2015-02-25 Thread Uros Bizjak
On Wed, Feb 25, 2015 at 3:24 PM, Yuri Rumyantsev  wrote:
> Hi All,
>
> Here is updated patch to fix ICE.
>
> Is it OK for trunk?
>
> 2015-02-25  Yuri Rumyantsev  
>
> PR target/65161
> * config/i386/i386.c (ix86_sched_reorder): Skip instruction reordering
> for selective scheduling.
>
> gcc/testsuite/ChangeLog
> * gcc.target/i386/pr65161.c: New test.

OK.

Thanks,
Uros.


[patch, libstdc++] Use explicit relative imports for the pretty printers

2015-02-25 Thread Matthias Klose
When gdb is linked/used with Python 3, import of the pretty printers fails:

Traceback (most recent call last):
 File
"/usr/share/gdb/auto-load/usr/lib/i386-linux-gnu/libstdc++.so.6.0.21-gdb.py",
line 58, in 
   import libstdcxx.v6
 File
"/usr/lib/i386-linux-gnu/../../share/gcc-5/python/libstdcxx/v6/__init__.py",
line 19, in 
   from printers import register_libstdcxx_printers
ImportError: No module named 'printers'
[Inferior 1 (process 6130) exited normally]

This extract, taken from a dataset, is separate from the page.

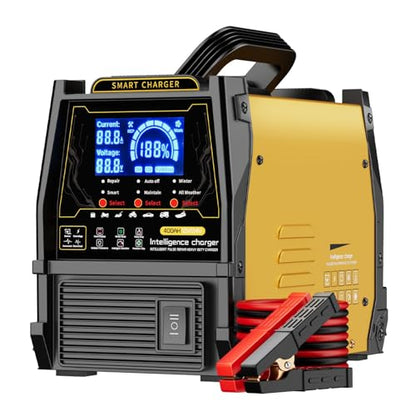 12V 24V Car Battery Charger Heavy Duty, 0-15A Automatic Battery Maintainer, 2026 Upgraded, Fast & Trickle Charge, Pulse Repair, for AGM Lead-Acid Deep Cycle, Car Truck Motorcycle RV Boat Lawn Mower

Python3 doesn't support implicit relative imports anymore.  Use explicit
relative imports instead.  This syntax is compatible with Python 2.5 and newer
2.x versions.  Ok for the trunk?

  Matthias


2015-02-25  Matthias Klose  

* python/libstdcxx/v6/__init__.py: Use explicit relative imports.

Index: libstdc++-v3/python/libstdcxx/v6/__init__.py
===
--- libstdc++-v3/python/libstdcxx/v6/__init__.py(revision 220970)
+++ libstdc++-v3/python/libstdcxx/v6/__init__.py(working copy)
@@ -16,7 +16,7 @@
 import gdb

 # Load the pretty-printers.
-from printers import register_libstdcxx_printers
+from .printers import register_libstdcxx_printers
 register_libstdcxx_printers(gdb.current_objfile())

 # Load the xmethods if GDB supports them.
@@ -28,5 +28,5 @@
 return False

 if gdb_has_xmethods():
-from xmethods import register_libstdcxx_xmethods
+from .xmethods import register_libstdcxx_xmethods
 register_libstdcxx_xmethods(gdb.current_objfile())


Re: [PR58315] reset inlined debug vars at return-to point

2015-02-25 Thread Alexandre Oliva
On Feb 25, 2015, Richard Biener  wrote:

> But code-motion could still move stmts from the inlined functions
> across these resets?

Sure, just like it could still move stmts across any other debug stmts.
Once you return from a function, it's as if all of its variables ceased
to exist, so what is the problem with this?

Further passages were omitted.